Cennetin Rengi ve sonbahar ve yaz. Allah’ın rengi ve beyaz. Ve sinema ve iran. Durmaksızın biran. Ve Muhammed! kurbanın olayım ağlama, bizleri de ağlatacaksın. Şimdi bu filmi nasıl anlatacaksın.

Bu filmi anlatan bir sürü blog ve sözlük varken başka kelam etmeye gerek yoktur zannederim…

 

Film ilk sahneden itibaren “ellerin” filmidir: dokunan, gören, hisseden, bulmaya çalışan, arayan, konuşan, tanımaya ve öğrenmeye çalışan, okuyan, tebessüm eden ve ağlayan… çocuk ellerin. Ve hissedersiniz ki en başından, o eller, mutlaka sonda karşınıza çıkacak ve size hikâyesini anlatacaktır/okutacaktır. Bu elleri hüzünle, ilgiyle, merakla takip edersiniz her karede artık, yazmaktan çok “oku”yan ellerin, ne okuduğunu merak ederek.**

Gözleri görmeyen Muhammed’in elleriyle aradığının kim olduğunu öğrendiğinizde, onun çocuk yüreğinin damla damla ellerine döküldüğünü gördüğünüzde, yüreğiniz kırık bir ayna gibi kırk parçaya ayrıldığında, gören gözlerinize ama okuyamayan ellerinize baktığınızda, ağlarsınız, Muhammed’e değil, kendinize…
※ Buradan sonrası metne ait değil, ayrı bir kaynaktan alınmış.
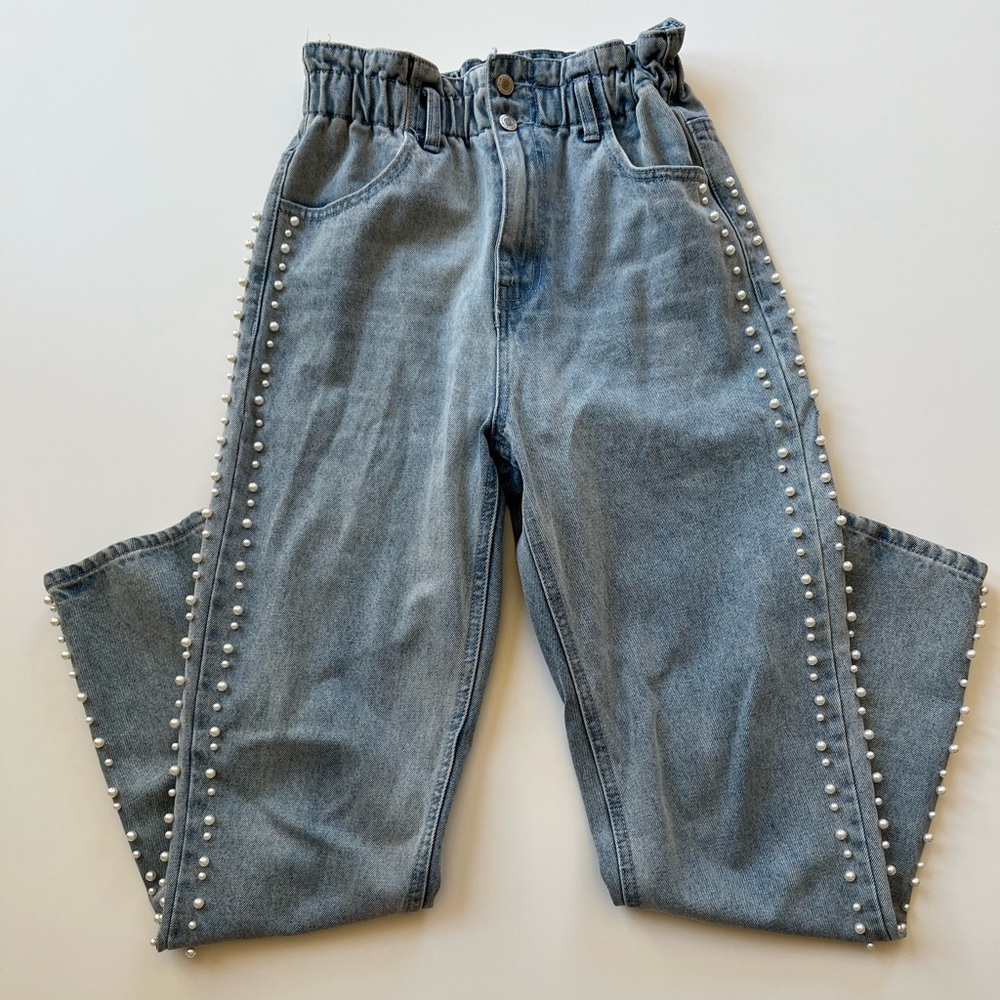JEANS - Picture 2 of 16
Kimse beni sevmiyor. Ninem bile! Kör olduğum için herkes benden kaçıyor. Eğer görebilseydim diğer çocuklarla birlikte köy okuluna devam edebilirdim, ama dünyanın ta öbür ucundaki körler okuluna gitmek zorundayım. Öğretmenimiz, Allah’ın bizleri diğer kullarından daha çok sevdiğini söylüyor, ama ben de diyorum ki, madem öyle, bizi kör yaratmazdı ki böylece O’nu görebilelim.

Öğretmenimiz dedi ki: ‘Allah görünmezdir. O her yerdedir. O’nu hissedebilirsin.

O’nu parmağının ucunu kullanarak görebilirsin.’

Allah’ı bulana kadar ellerimle her yere dokunacağım ve bulduğumda da, kalbimin bütün sırları dâhil, her şeyi anlatacağım.”